以下命令將在 Excel 網頁版中執行載入項，並將載入項旁載入到命令中提供的電子表格。

// Command to run on the web.
// Replace "{url}" with the URL of an Excel document.
npm run start:web -- --document {url}

使用以下命令在 Excel 客戶端中執行。

// Command to run on desktop (Windows or Mac)
npm run start:desktop

首次執行專案時，將出現兩個提示
- 一個將要求啟用開發者模式。這是旁載入外掛所必需的。
- 接下來，當出現提示時，接受外掛服務的證書。
要訪問自定義函式，請在空單元格中鍵入 =ORT.Sentiment("TEXT") 和 =ORT.Question("QUESTION","CONTEXT") 並傳入引數。

現在我們準備好深入研究程式碼了！

`manifest.xml` 檔案

manifest.xml 檔案指定所有自定義函式都屬於 ORT 名稱空間。您將使用該名稱空間在 Excel 中訪問自定義函式。將 manifest.xml 中的值更新為 ORT。

<bt:String id="Functions.Namespace" DefaultValue="ORT"/>
<ProviderName>ORT</ProviderName>

在此處瞭解有關清單檔案配置的更多資訊。

`functions.ts` 檔案

在 function.ts 檔案中，我們定義了函式名稱、引數、邏輯和返回型別。

在 function.ts 檔案的頂部匯入 inferenceQuestion 和 inferenceSentiment 函式。（我們將在本教程後面介紹這些函式中的邏輯。）

/* global console */
import { inferenceQuestion } from "./bert/inferenceQuestion";
import { inferenceSentiment } from "./bert/inferenceSentiment";

接下來新增 sentiment 和 question 函式。

/**
* Returns the sentiment of a string.
* @customfunction
* @param text Text string
* @returns sentiment string.
*/
export async function sentiment(text: string): Promise<string> {
const result = await inferenceSentiment(text);
console.log(result[1][0]);
return result[1][0].toString();
}
/**
 * Returns the sentiment of a string.
 * @customfunction
 * @param question Question string
 * @param context Context string
 * @returns answer string.
 */
export async function question(question: string, context: string): Promise<string> {
const result = await inferenceQuestion(question, context);
if (result.length > 0) {
    console.log(result[0].text);
    return result[0].text.toString();
}
return "Unable to find answer";
}

`inferenceQuestion.ts` 檔案

inferenceQuestion.ts 檔案包含處理問答 BERT 模型的邏輯。該模型是使用本教程建立的。然後我們使用 ORT 量化工具來減小模型的大小。在此處瞭解有關量化的更多資訊。

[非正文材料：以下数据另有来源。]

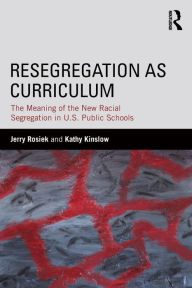 Title: Resegregation as Curriculum: The Meaning of the New Racial Segregation in U.S. Public Schools / Edition 1, Author: Jerry Rosiek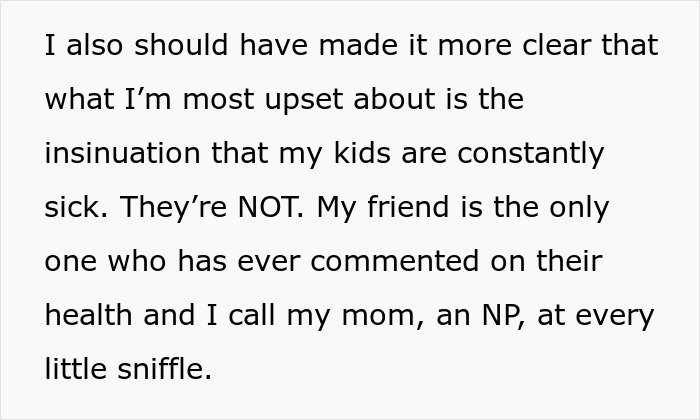 Text excerpt addressing exhausted mom upset over friend shaming her spotless house and involving her kids in accusations.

首先從 question_answer.ts 匯入 onnxruntime-web 和輔助函式。question_answer.ts 是在此處找到的 tensorflow 示例的編輯版本。您可以在此專案的原始碼此處找到編輯後的版本。

/* eslint-disable no-undef */
import * as ort from "onnxruntime-web";
import { create_model_input, Feature, getBestAnswers, Answer } from "./utils/question_answer";

inferenceQuestion 函式將接收問題和上下文，並根據推理結果提供答案。然後我們設定模型的路徑。該路徑是在 webpack.config.js 中使用 CopyWebpackPlugin 設定的。此外掛在構建時將所需的資產複製到 dist 資料夾。

export async function inferenceQuestion(question: string, context: string): Promise<Answer[]> {
  const model: string = "./bert-large-uncased-int8.onnx";

現在讓我們建立 ONNX Runtime 推理會話並設定選項。在此處瞭解所有 SessionOptions 的更多資訊。

  // create session, set options
  const options: ort.InferenceSession.SessionOptions = {
    executionProviders: ["wasm"],
    // executionProviders: ['webgl']
    graphOptimizationLevel: "all",
  };
  console.log("Creating session");
  const session = await ort.InferenceSession.create(model, options);

接下來，我們使用 question_answer.ts 中的 create_model_input 函式對 question 和 context 進行編碼。這將返回 Feature。

  // Get encoded ids from text tokenizer.
  const encoded: Feature = await create_model_input(question, context);
  console.log("encoded", encoded);

  export interface Feature {
    input_ids: Array<any>;
    input_mask: Array<any>;
    segment_ids: Array<any>;
    origTokens: Token[];
    tokenToOrigMap: { [key: number]: number };
}

既然我們有了編碼的 Feature，我們需要建立型別為 BigInt 的陣列（input_ids、attention_mask 和 token_type_ids）來建立 ort.Tensor 輸入。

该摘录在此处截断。